Onlarca büfenin arasında nasıl olup da onun içinde oturduğunun önünde durakladık? Talih, tesadüf, hepsi bir oyun işte! Ama o oradaydı. İçeride. Elinde bir tost, flüoresan ışıklarıyla aydınlatılmış büfenin bir masasında oturuyor, bana bakıyordu.
Yıllardır beklediğim an! Nasıl da hazırlıksız, nasıl da sarhoştum. Kendimi bir şeyler hissetmeye zorladım hemen. Duygu duygu neredesin? O kadar beklediğim kişi kalkmış bana doğru geliyor ve tek düşündüğüm şey sağ ayağının hafifçe aksadığı!
Tedirgin bakışlarla etrafı araştırarak yanıma yaklaşmıştı. Demek o zaman bile hâlâ korkuyordu birlikte görülmemizden. Çevreyi kollamayı sürdürerek aceleyle yanağıma bir öpücük kondurmuş ve kaçarcasına uzaklaşmadan hemen önce kulağıma fısıldamıştı, “Arasana beni ne olur, hemen, yarın ara.”
SAYFA-BOLUMU
Duyduklarımı algıladığımda başım dönmeye başlamıştı. O AN böyle çabuk, böyle bulanık ve duygulardan arınmış bir şekilde yaşanabilir miydi?
Hatırlıyorum: Uzaklaştığı yöne baktığımı. Onu hâlâ görebiliyordum. Aceleyle taksiye binişini izlemiş, araba gözden kaybolurken arkasını dönmüş, yürümüş, sarhoşların, sevgililerin, gecenin o saatinde mendil satan çocukların arasına, kalabalığa karışıvermiştim.
On bir yıl sonra bir başka Aralık gecesinde, dün gece rüyamda, “Evleniyorum ben” diyordum ona. “Beni her zaman beklersin sanıyordum ben oysa ki” diyordu. Şaka yaptığını ikimiz de biliyor ama aşkın ses tonu, fısıltı ile konuşmayı sürdürüyorduk.
“Bütün hepsi bir oyundan ibaret zaten biliyorsun değil mi?” diye soruyordu. “Ne yaptıysam hep rol icabı idi. Bu hayat bittiğinde, rolümüzü tamamlayıp sahne arkasına çekildiğimizde, bir sonraki rolümüze soyunmadan önce, ben seni bulurum nasıl olsa kız kardeş. O zamana kadar sana verilmiş rolü hakkıyla oynamaya bak.”

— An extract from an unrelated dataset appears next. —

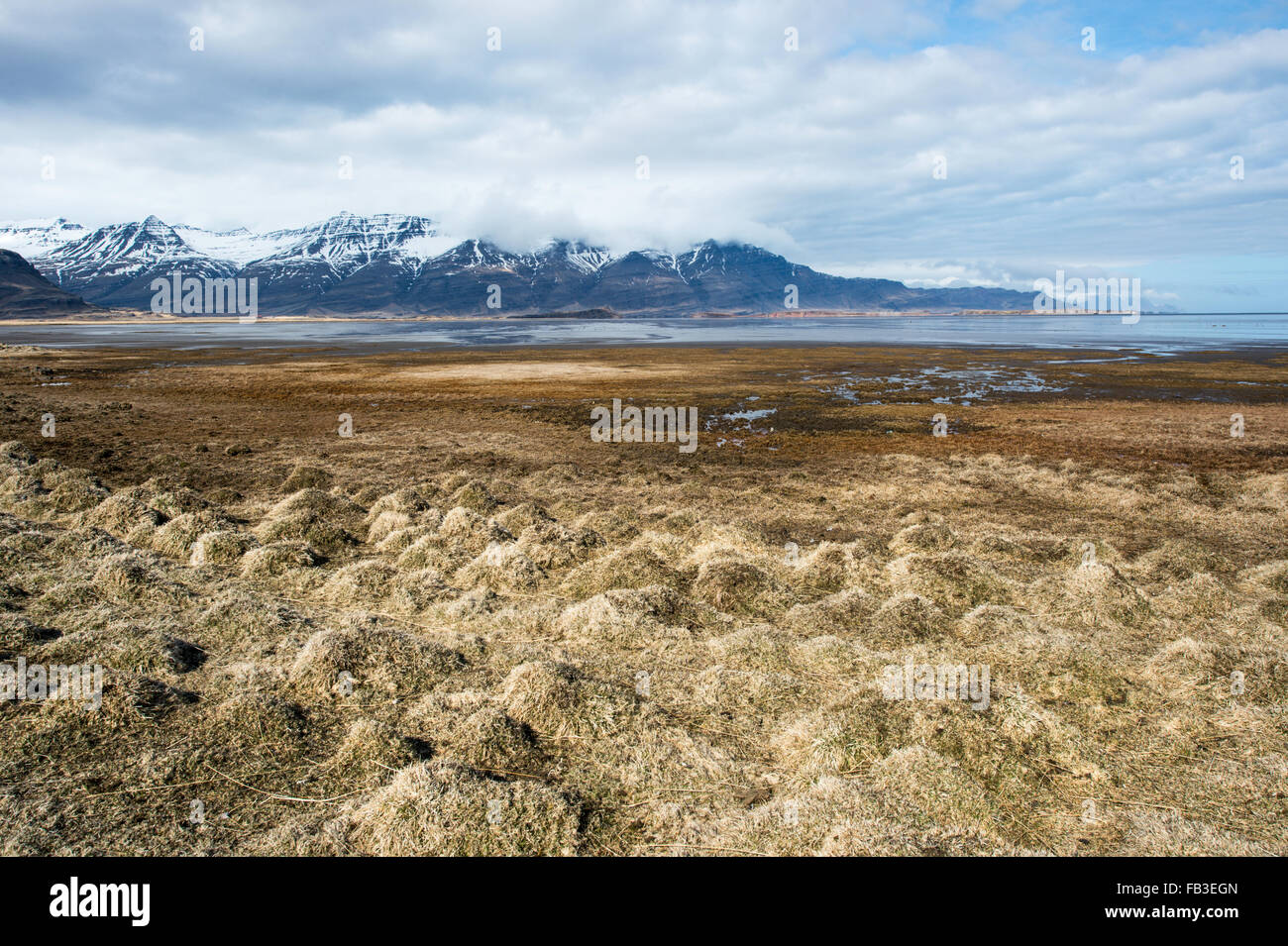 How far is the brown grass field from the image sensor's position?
6.40 m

Bana bakarken sevecenleşiveren gözlerinin elası, saçının kıvırcığı, soluğunun fısıltısı zihnimde taptaze uyandım. Birbirimizi görmeyeli çok zaman geçmiş olsa da, esas vedayı şimdi ettiğimizi karnımın derinliğinde bildim.
Karlı bir Aralık sabahında, çok sevdiğim bir başkasının ensesine yüzümü gömüp, günüme başladım.